Food for a Quid: Spicy Buff Momo, Kathmandu, Nepal.

You don’t have to spend long in Nepal to realise that momo make the world go round: delicious, meaty dumplings in a super-light dough, they’re reminiscent of the northern Chinese jiaozi, and arguably ancestrally related to all the filled pastas of Europe from Turkish mantı westwards.

Traditionally, momo are served either steamed, fried, kothey (fried on one side only), or in soup, but nowadays they are also served “spicy”, AKA, in sauce.

Spicy buff (buffalo) momo at Momo Star, Kathmandu, Nepal.

These are “buff” (buffalo meat) momo, served in a sauce of tomato, bell pepper and chilli peppers at the excellent Momo Star in Thamel, Kathmandu, for 130 Nepalese Rupees.

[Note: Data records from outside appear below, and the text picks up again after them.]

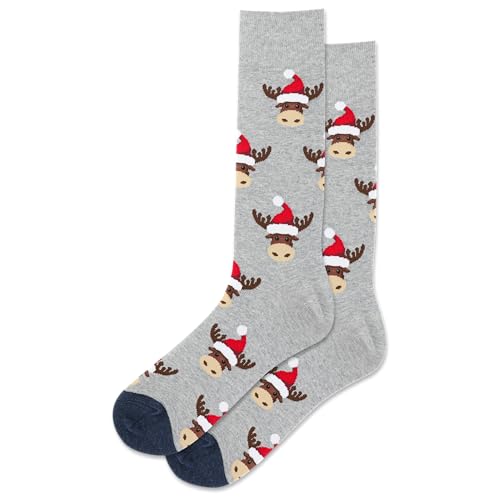Hot Sox Men's Moose Head Socks 1 Pair, Grey Heather, Men's 10-13 Shoe
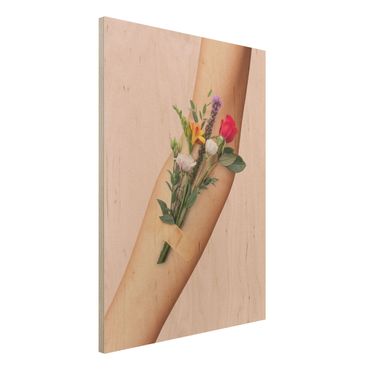 Obraz z drewna - Ręka z kwiatami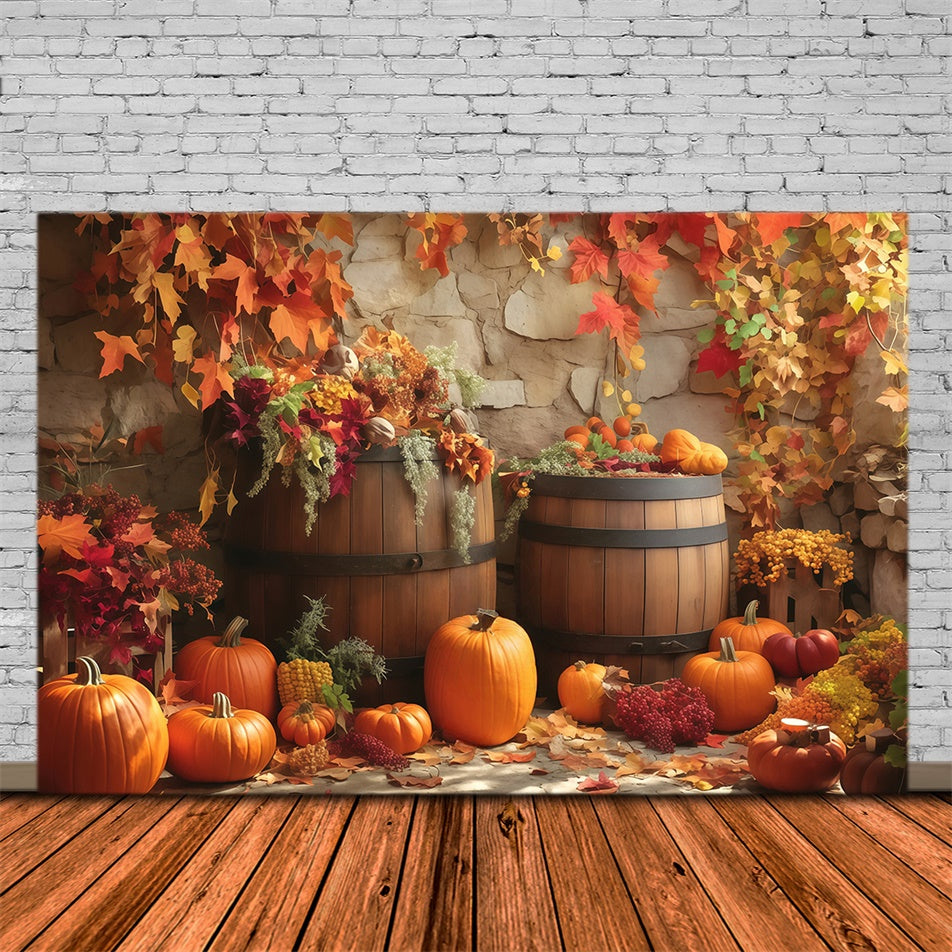 Toile de fond Déco Automne Tonneau Bois Présentation Automne MRR7-135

The verdict? Buffalo makes an outstanding momo filling, the best alternative to pork out there, and the dumplings are succulent and juicy, with a flavour-packed filling. The sauce is simple and unsubtle, a variant on the pasta sauces tourists brought with them, and could do with a bit more by way of herbs and flavouring: the momo would arguably work better served with vinegar, jiaozi style.

All in all, though, it’s a filling, nutritious, flavoursome meal. Although I think Momo Star’s more traditional variations on the theme are better.

Cost: 130 Nepalese Rupees (93p)
Flavour: 6.5/10
Presentation: 6/10

If you’re in Kathmandu, you can find Momo Star at the Thamel Road end of Z Street, on the left as you walk down from Thamel Road.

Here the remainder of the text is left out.